## Data for this task
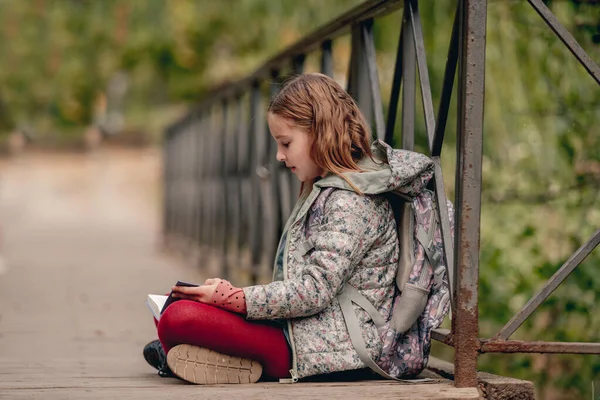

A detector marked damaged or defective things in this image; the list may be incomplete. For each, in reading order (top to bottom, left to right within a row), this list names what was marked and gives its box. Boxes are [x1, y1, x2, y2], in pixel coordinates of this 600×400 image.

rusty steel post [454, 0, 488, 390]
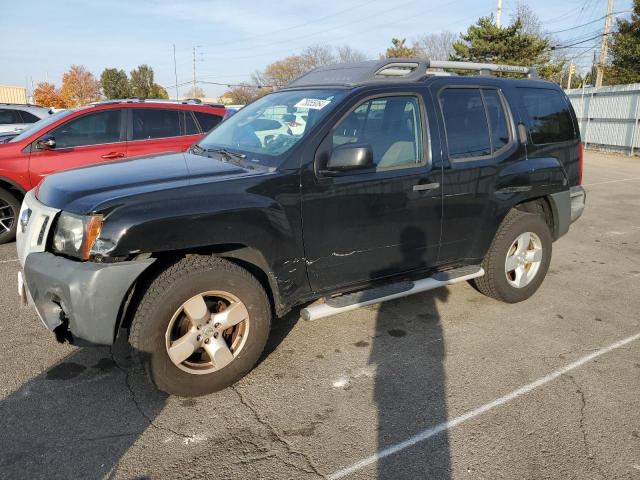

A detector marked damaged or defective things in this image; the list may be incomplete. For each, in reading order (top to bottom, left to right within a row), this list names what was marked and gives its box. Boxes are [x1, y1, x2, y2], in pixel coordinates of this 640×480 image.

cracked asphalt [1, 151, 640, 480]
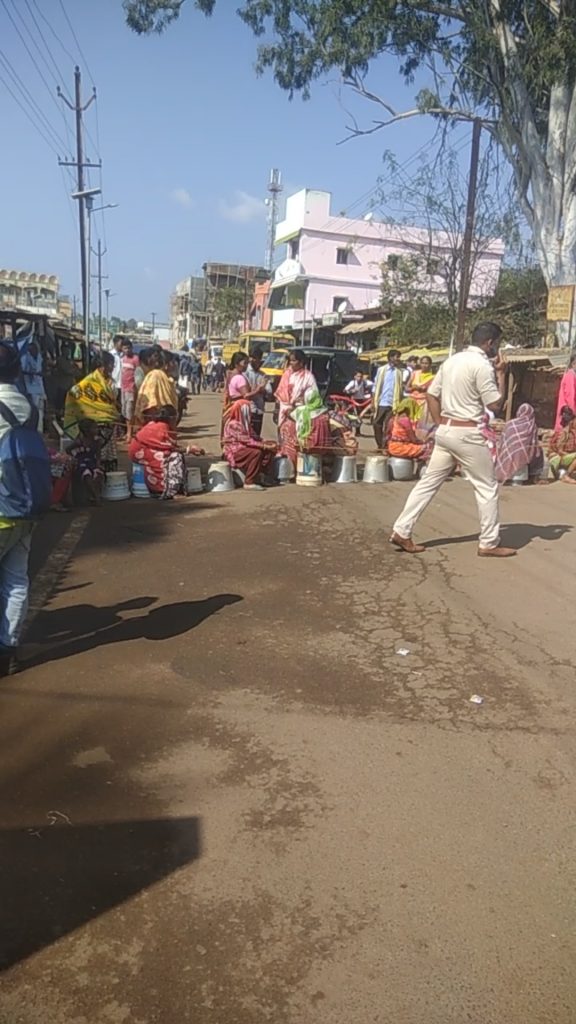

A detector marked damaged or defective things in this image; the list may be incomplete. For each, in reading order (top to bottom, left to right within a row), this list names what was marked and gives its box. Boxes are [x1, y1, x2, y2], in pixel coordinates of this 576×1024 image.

==

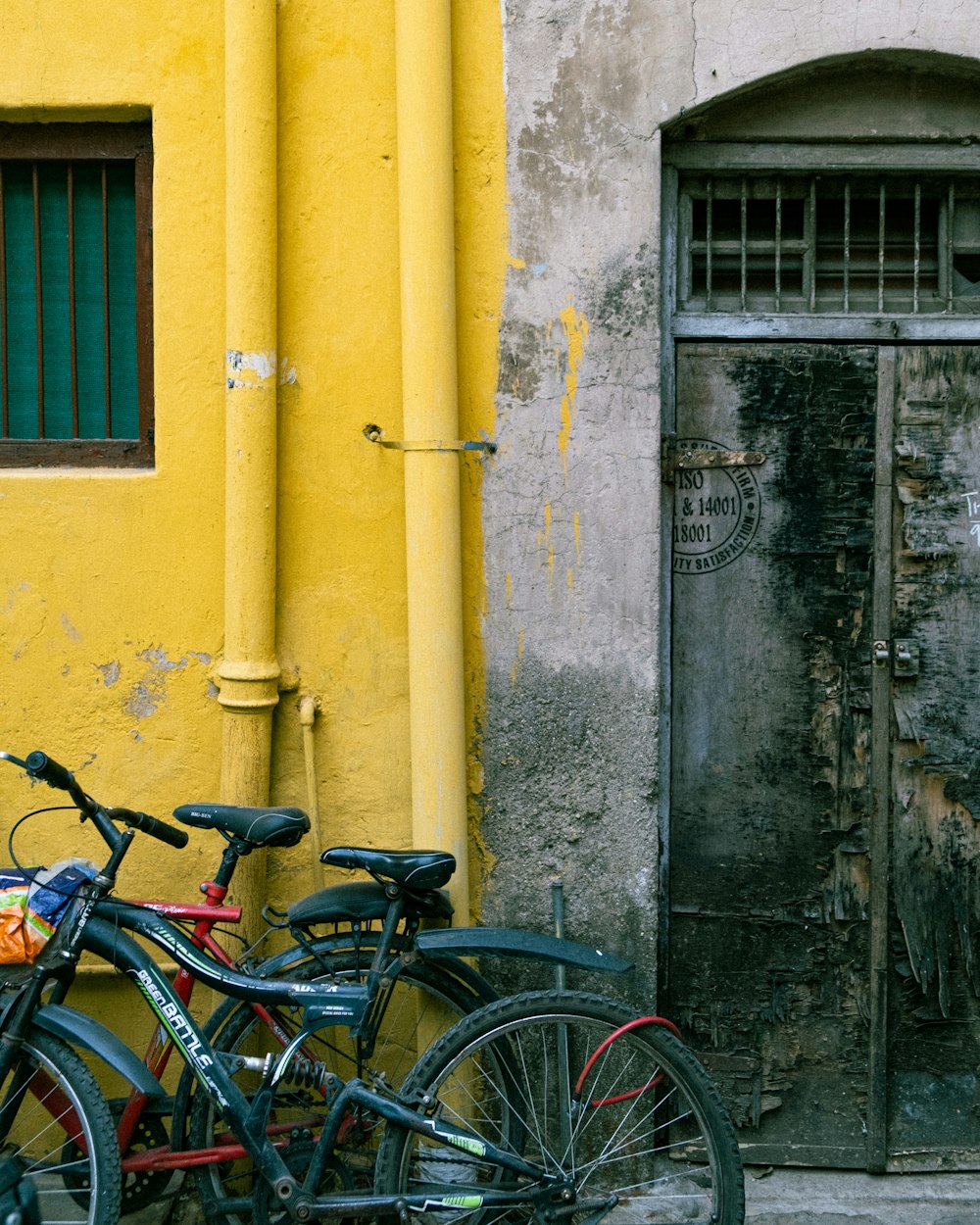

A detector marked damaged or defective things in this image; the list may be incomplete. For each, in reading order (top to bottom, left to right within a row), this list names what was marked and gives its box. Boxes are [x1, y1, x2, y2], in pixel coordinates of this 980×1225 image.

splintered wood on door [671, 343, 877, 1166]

## Work order
The lines to reproduce run from the one above containing "this 600×400 image." through the one containing "this 576×1024 image.". Copy them exactly and leave out all pictures.

## Response area
A detector marked damaged or defective things in this image; the list may be incomplete. For each, in reading order (top to bottom, left to right within a row), this list names what was marked and gives its box. Boxes are [x1, y1, x2, y2], in pixel coordinates of this 600×400 image.

rusty steel post [454, 0, 488, 390]

A detector marked damaged or defective things in this image; the list may be incomplete. For each, in reading order (top to bottom, left to right within a row), this list names what was marked and gives its box. Boxes are [x1, y1, x2, y2], in pixel coordinates of this 640×480 image.

cracked asphalt [1, 151, 640, 480]

A detector marked damaged or defective things in this image; the list may be incomplete. For each, in reading order (top to bottom, left to right within a row), this list names what was marked and gives its box. Boxes are [x1, y1, x2, y2], in pixel coordinates of this 576×1024 image.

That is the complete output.